Sun-powered plane takes off on final leg of record flight

Source:AFP Published: 2012-7-24 23:25:04

The Swiss sun-powered aircraft Solar Impulse took off from southwestern France Tuesday on the final leg of its first intercontinental trip that took it from Europe to North Africa and back.

Pilot Bertrand Piccard took the plane up into the sky from an airfield near Toulouse on its journey back to Payerne in Switzerland, from where it left on May 24 for the Moroccan capital Rabat via Madrid.
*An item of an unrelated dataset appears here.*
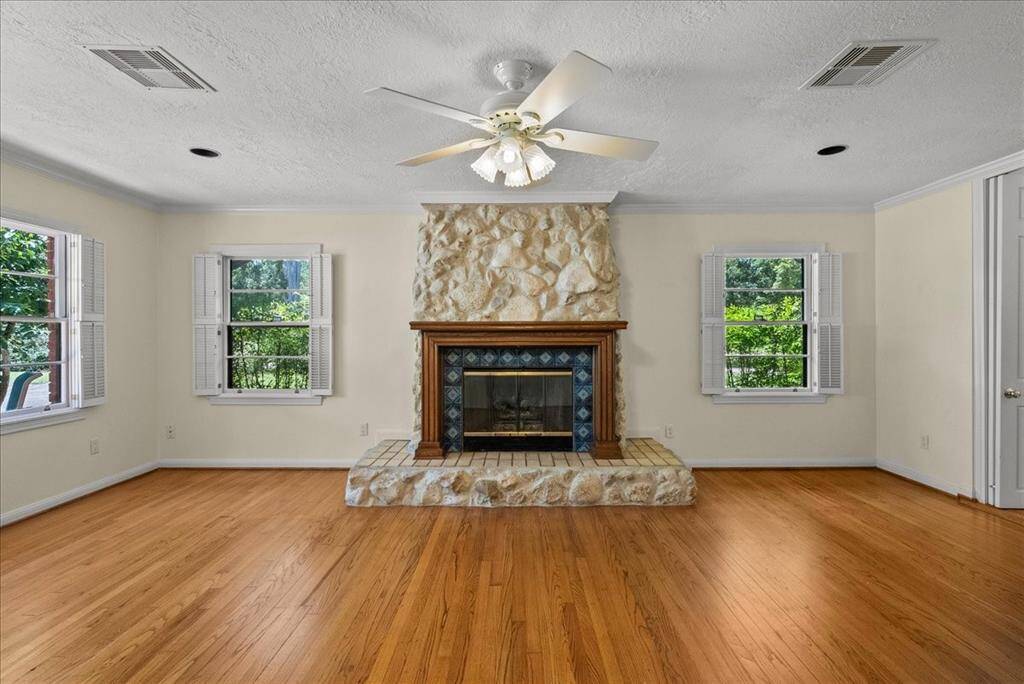 "Cozy evenings by the stone fireplace, framed by windows adorned with charming shutters, invite a blend of rustic charm and timeless comfort."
The high-tech aircraft, which has the wingspan of a large airliner but weighs no more than a saloon car, is fitted with 12,000 solar cells feeding four electric engines.

Solar Impulse had to wait for a week in Toulouse for the right weather conditions. It departed Tuesday in a cloudless sky and was due to arrive in Payerne around 18:00 GMT.

Once this final stage is completed, the 6,000-kilometer journey will be the longest to date for the aircraft after an inaugural flight to Paris and Brussels last year.

The flight was being live-streamed on www.solarimpulse.com, the website of the project run by Piccard, an explorer who has traveled around the world in a hot-air balloon, and fellow pilot Andre Borschberg, who took turns to fly the plane on its latest journey.

The trip was intended as a rehearsal in the runup to a round-the-world flight planned for 2014 by an updated version of the plane.